The specific error is due to an unsupported representation of multi-label output (see documentation of type_of_target
function of sklearn).
Even the correct multi-label output you would still get an error since cohen_kappa_score
does not support multi-label input (see below). In fact, Cohen's kappa can be applied for multi-class problems only for exclusive classes, and multi label output is by definition non exclusive.
What you could do is have a binary classifier for each label and compute Cohen's kappa for each label. If you need a unique number representing agreement you could compute the average kappa over the labels.

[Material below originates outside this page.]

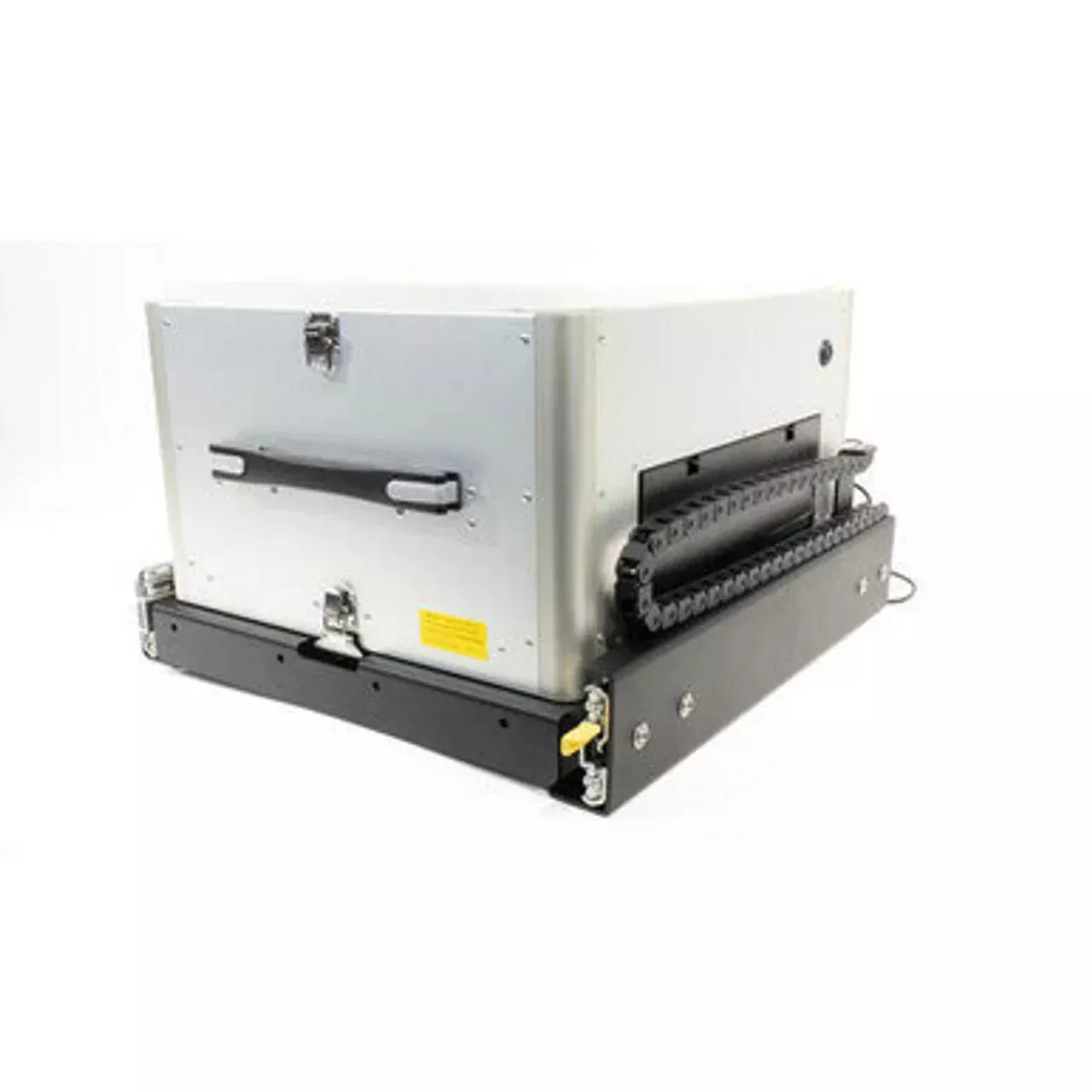 Wrappon WT-4 Trekker Portable Toilet Slide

Example: Cohen's kappa for multi label
to_dict = lambda x: {k: [1 if k in y else 0 for y in x] for k in labels}
a_dict = to_dict(annotator_a)
b_dict = to_dict(annotator_b)
cohen_dict = {k: cohen_kappa_score(a_dict[k], b_dict[k]) for k in labels}
cohen_avg = np.mean(list(cohen_dict.values()))

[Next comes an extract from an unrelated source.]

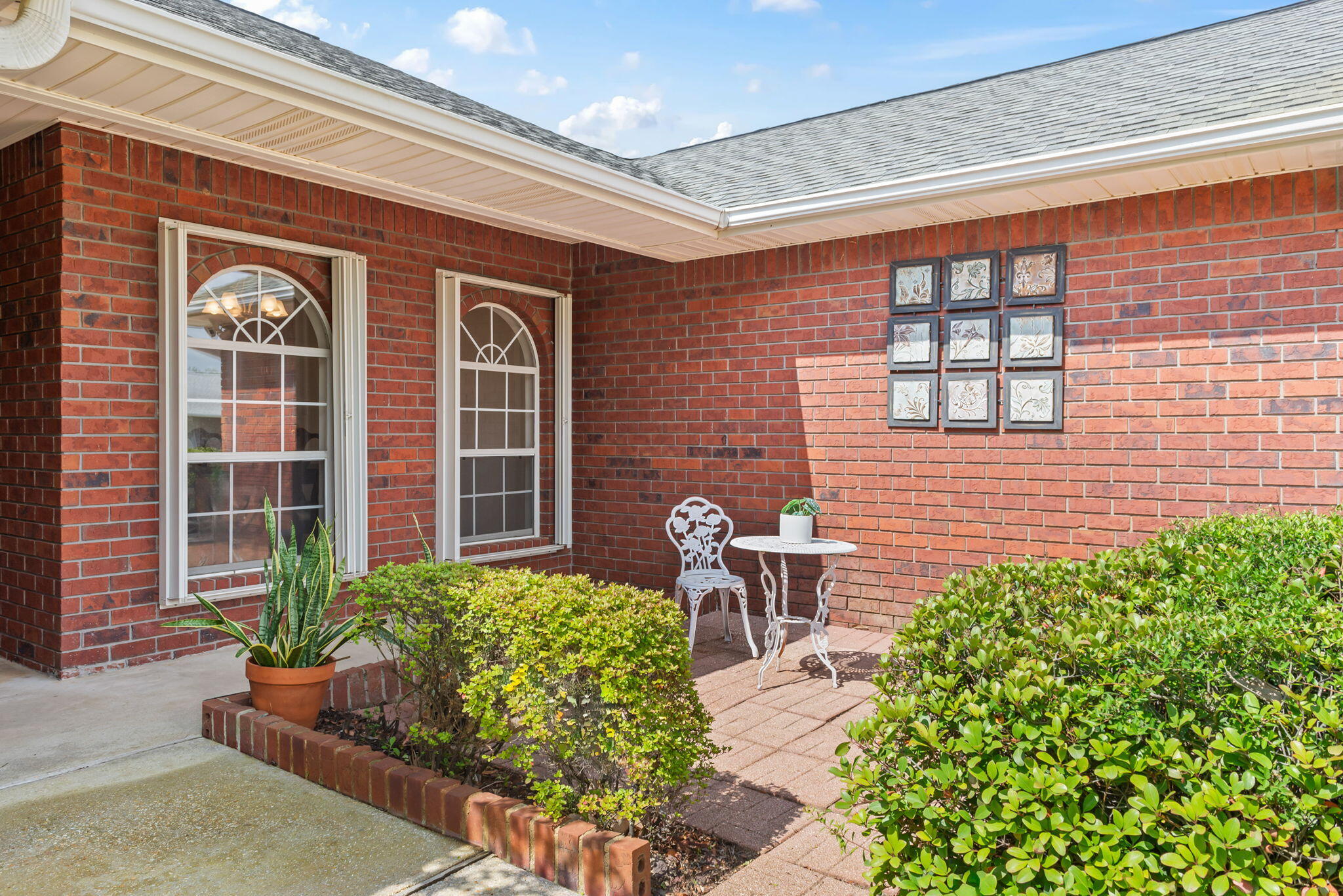 JACKSON TRAIL - Residential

print(f'a_dict: {a_dict}')
print(f'b_dict: {b_dict}')
print(f'cohen_dict: {cohen_dict}')
print(f'cohen_avg: {cohen_avg}')
output:
a_dict: {'a': [1, 0], 'b': [1, 0], 'c': [1, 0], 'd': [0, 1], 'e': [0, 1], 'f': [0, 0]}
b_dict: {'a': [0, 0], 'b': [1, 0], 'c': [1, 0], 'd': [0, 0], 'e': [0, 0], 'f': [0, 1]}
cohen_dict: {'a': 0.0, 'b': 1.0, 'c': 1.0, 'd': 0.0, 'e': 0.0, 'f': 0.0}
cohen_avg: 0.3333333333333333
how to transform to sequence of sequence to correct multi label representation
from sklearn.preprocessing import MultiLabelBinarizer
m = MultiLabelBinarizer(classes=list('abcdef'))

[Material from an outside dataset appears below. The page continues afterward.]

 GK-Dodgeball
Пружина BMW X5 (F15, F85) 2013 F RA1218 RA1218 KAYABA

a_multi = m.fit_transform(annotator_a)
b_multi = m.fit_transform(annotator_b)
print(f'a_multi:\n{a_multi}')
print(f'b_multi:\n{b_multi}')
cohen_kappa_score(a_multi, b_multi)
output:
a_multi:
[[1 1 1 0 0 0]
[0 0 0 1 1 0]]
b_multi:
[[0 1 1 0 0 0]
[0 0 0 0 0 1]]
...
ValueError: multilabel-indicator is not supported